Wikinomics: Book by Don Tapscott and Anthony D. Williams. Published in December 2006, called 'How mass collaboration changes everything'. It explores how some companies in the early 21st century have used mass collaboration and open-source technology.
Web 2.0: Term associated with web applications that facilitate participatory information sharing, interoperability, user centered design and collaboration on the World Wide Web.
Participatory Culture: Where the consumers take an active part in the development in a product, acting as the producers and contributors.
Peering: A voluntary interconnection of administratively separate Internet networks for the purpose of exchanging traffic between the consumers of each network. The true definition is 'Settlement free' meaning that neither party pays the other for the exchanged traffic.
Digital Natives: A young person who was born during or after the general introduction of digital technology, and through interacting with digital technology from an early age, has a greater understanding of its concepts.
Democratization: The transition to a more democratic political regime.
We-think: Explores how the web is changing our world, creating a culture in which more people than ever can participate, share and collaborate, ideas and information.

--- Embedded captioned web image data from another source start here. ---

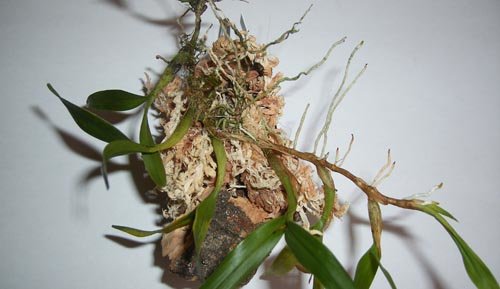 Matériel nécessaire au montage d’une épiphyte :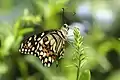 Lemoenvlinder, Papilio demoleus, in Bangalore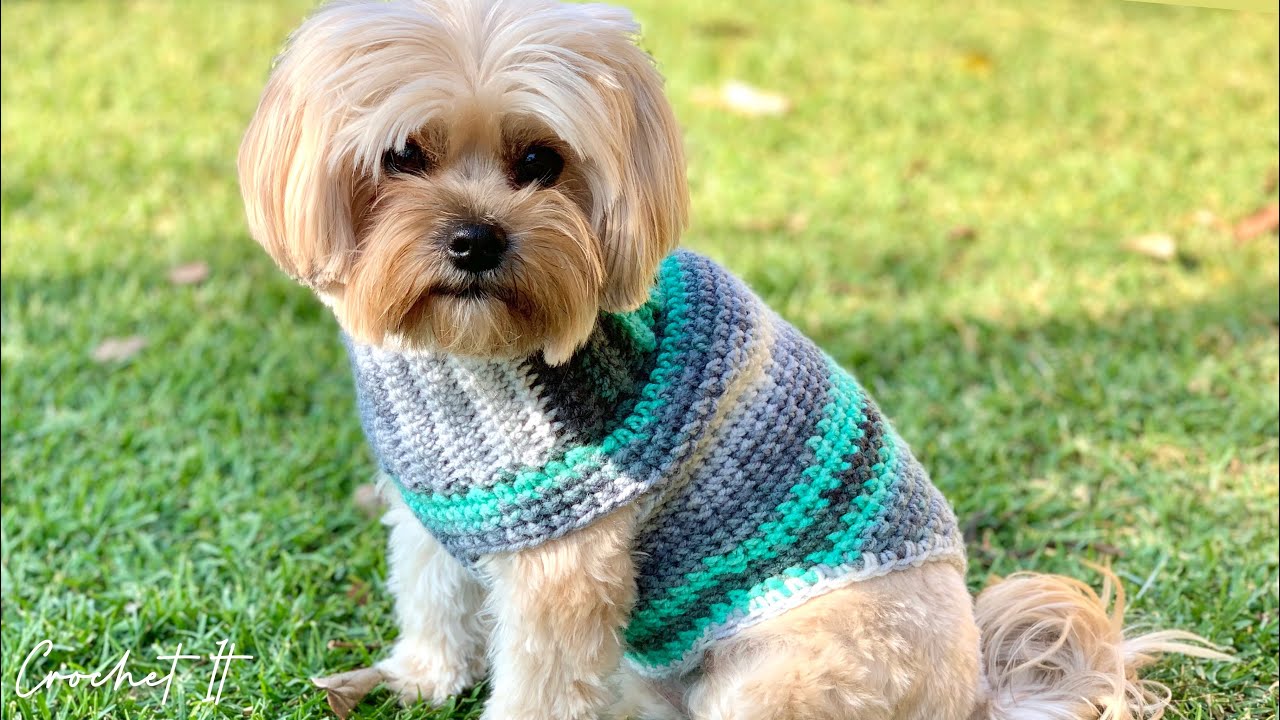 Quick and Easy Small Dog Crochet Sweater: Free Pattern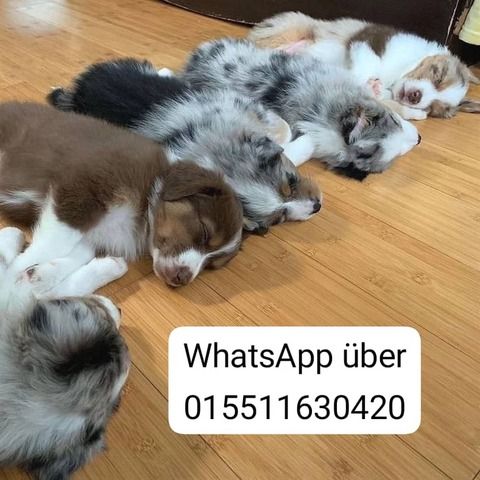 Bezaubernde Australian Shepherd Welpen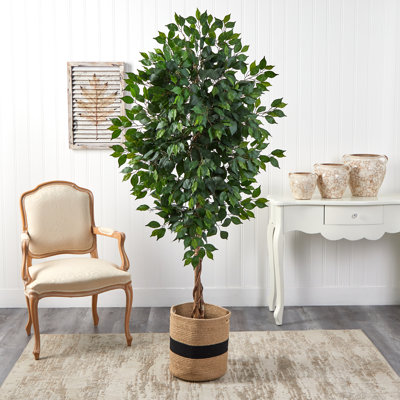 72'' Faux Ficus Tree in Cotton Planter
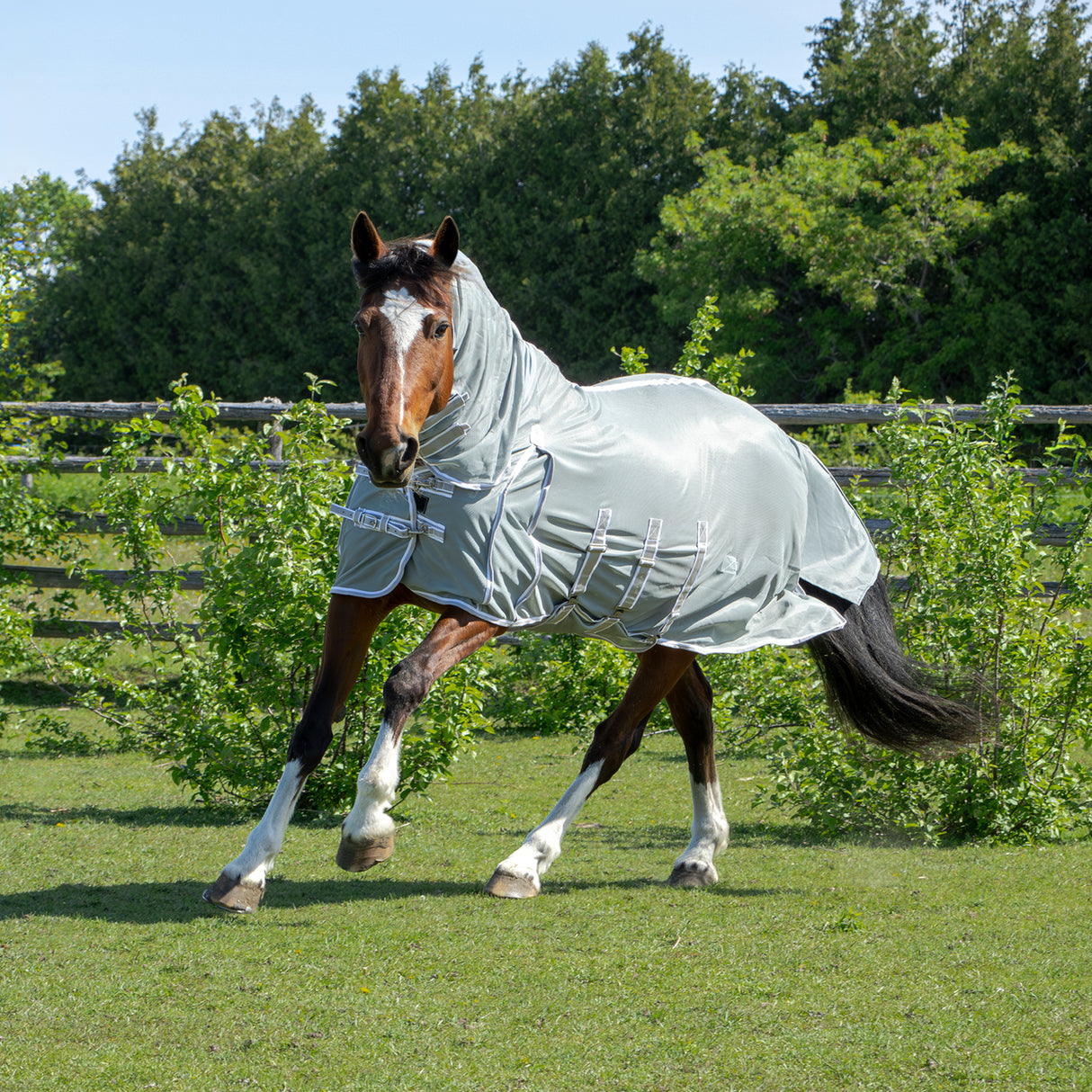 Shedrow Extend-A-Neck Fly Sheet 2.0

Interactivity: There are three levels: No-interactive, when a message is not related to previous messages. Reactive, when a message is related only to one immediately previous message and interactive, when a message is related to a number of previous messages and to the relationship between them.
The long tail: Refers to the statistical property that a larger share of population rests within the tail of a probability distribution than observed under a normal distribution.